Autumn 2009 Features series
Sunday, November 22, 2009 at 4:00pm
Sunday, November 22, 2009 at 7:00pm
Acadia Cinema's Al Whittle Theatre
450 Main Street, Wolfville, NS
Directed by Ramin Bahrani
Screenplay by Bahareh Azimi and Ramin Bahrani
Starring Souléymane Sy Savané, Red West, Diana Franco Galindo, Carmen Leyva
Rated 14A ·
English, French and Wolof
Goodbye Solo is a rare cinematic gem. Even within the idiosyncratic world of American independent cinema, its director, Ramin Bahrani, stands out. Much like his earlier works, the highly lauded Man Push Cart and Chop Shop, Bahrani’s third feature, Goodbye Solo, uses perfectly cast actors and concentrates the action in a specific geographical place. However, Goodbye Solo exhibits an artistic growth and thematic maturation, yielding an unusually rewarding experience for the viewer.
Followers of Bahrani’s work know that he immerses us into the lives of his characters with little ceremony, and Goodbye Solo is no different. In the first moment of the film, we find ourselves inside a cab driven by Solo (Souléymane Sy Savané), a Senegalese taxi driver living in Winston-Salem, North Carolina. His passenger is seventy-year-old William (Red West), who books Solo to pick him up again two weeks hence for a long drive to a faraway mountaintop. Over the course of their negotiation, Solo comes to understand that William has a tragic plan for the end of his trip, and decides to befriend the man and dissuade him from his goal.

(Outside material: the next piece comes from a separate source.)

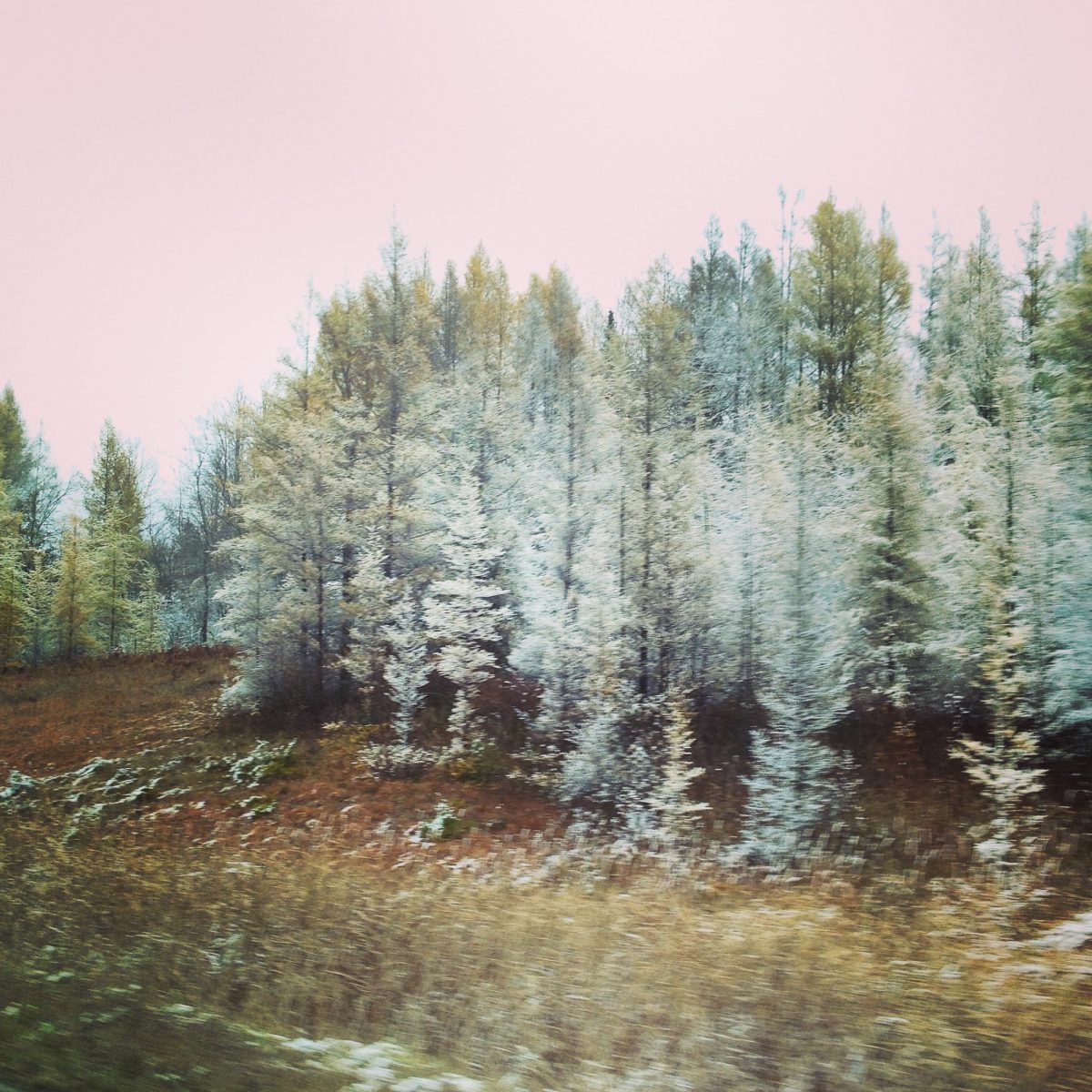 Frost on Pines Along I75 by Angela Josephine for 75, a poem about travelling through seasons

Solo is one of the most remarkable characters in recent cinema. He is good through and through, and lacks the North American self-consciousness about relationships. He believes that everyone should be engaged and concerned with one another. This “it takes a village” approach to life is anathema to William, who harbours pain, secrets and a desire for privacy, all of which keep him at odds with Solo.
Given the freshness and candour of the dialogue, it is hard to believe that Goodbye Solo followed a script. Much credit should be given to co-writers Bahrani and Bahareh Azimi for the creation of a story so graciously nuanced and complex.
As William, West asks little of us but to witness, and as Solo, Savané shows us shadow, light, love and manhood with a natural charisma that fills the screen. With the aid of these extraordinary performances, Bahrani succeeds in his ultimate goal: delving deeply into the lives of his characters, he shows us ourselves.